US court asked to subpoena British Overseas Territories security advisor

Most or all of the stories and articles featured in this newspaper from time to time are for reason that there are matters of important relevance and benefit to Montserrat. The following Caribbean News article bears much relevance and similarities to matters that go on with regards to Montserrat and some circumstances that have thwarted our progress on an individual level and a government level.

If persons and government were to have the guts and the people of Montserrat at heart we would in the not too distant future see situations develop as has been the case in TCI and now Cayman Islands, and elsewhere.

Covington visits Montserrat regularly in his capacity as described in the article and Tony Bates heads the Governor’s office here in Montserrat.

Pic – (L-R) British Overseas Territories security adviser Larry Covington with Royal Cayman Islands Police Service (RCIPS) Commissioner David Baines and Foreign and Commonwealth Office (FCO) official Tony Bates in May 2012

By Caribbean News Now contributor

MIAMI, USA — Attorneys acting for former Cayman Islands premier, McKeeva Bush, have filed an application in the US District Court for the Southern District of Florida seeking an order granting Bush leave to issue and serve a subpoena on Lawrence ‘Larry’ Covington, Britain’s overseas territories security adviser, who was and is a resident of Miami-Dade County, Florida.

The application has been made pursuant to 28 USC § 1782 for judicial assistance in obtaining evidence located in the state of Florida for use in a foreign and international proceeding, namely, a currently pending case before the Grand Court of the Cayman Islands filed by Bush against Royal Cayman Islands Police Service (RCIPS) Commissioner David Baines, former Cayman Islands governor, Duncan Taylor, and the attorney general of the Cayman Islands, Sam Bulgin, for conspiracy and malicious prosecution.

According to the US court filing, the gist of the Cayman action is that Baines, Taylor and Bulgin conspired for Bush to be arrested in the Cayman Islands and charged with the “crime” of using his government issued credit card for personal expenditures.
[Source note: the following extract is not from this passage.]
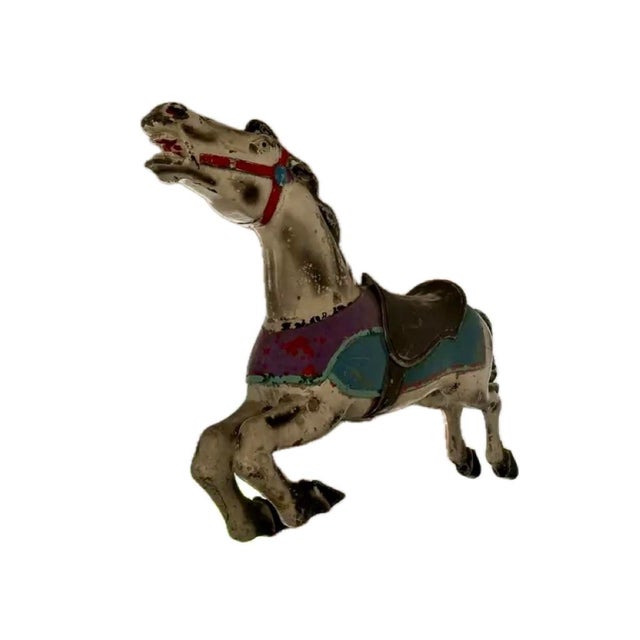 Carousel Horse 1950’s Aluminum For Sale - Image 4 of 5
Bush asserts that his prosecution was malicious and/or brought for an improper purpose, which was to remove him from his office as premier of the Cayman Islands in 2012 and render him unable to retain his office in the 2013 elections.
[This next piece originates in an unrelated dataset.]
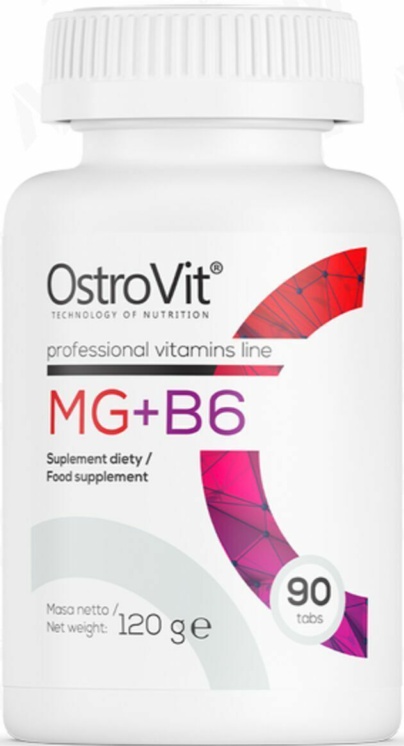 OSTROVIT MG+B6 magnesium vitamin B6 regeneration fatigue recovery 90 tabs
Evidence submitted to courts in the Cayman Islands and the United States for the purpose of obtaining search orders and evidence under mutual legal assistance provisions falsely stated that Bush had breached Cayman Islands government policy by using his credit card for personal reasons. Bush was ultimately exonerated by a jury following a full trial on all of the charges and filed suit to recover damages from the alleged conspirators.

Evidence introduced in the Cayman action is said to demonstrate that Britain’s Foreign and Commonwealth Office (FCO) was involved in bringing the false criminal charges against Bush.

Specifically, an email dated February 5, 2012, from then governor Taylor to Tony Bates, who was the head of the Caribbean and Bermuda Section in the Overseas Territories Directorate at the FCO in London, stated that “the Commissioner and his team are doing everything they can to expedite matters and are well aware of the potential difficulties if we are unable to get to the point of charging McKeeva ahead of the elections.”

Another email from Taylor to Bates at the FCO reported that Taylor had “tipped off a [media source]” as to where Bush’s charge sheet could be found and inspected so that the media source could “write a piece” about Bush’s arrest.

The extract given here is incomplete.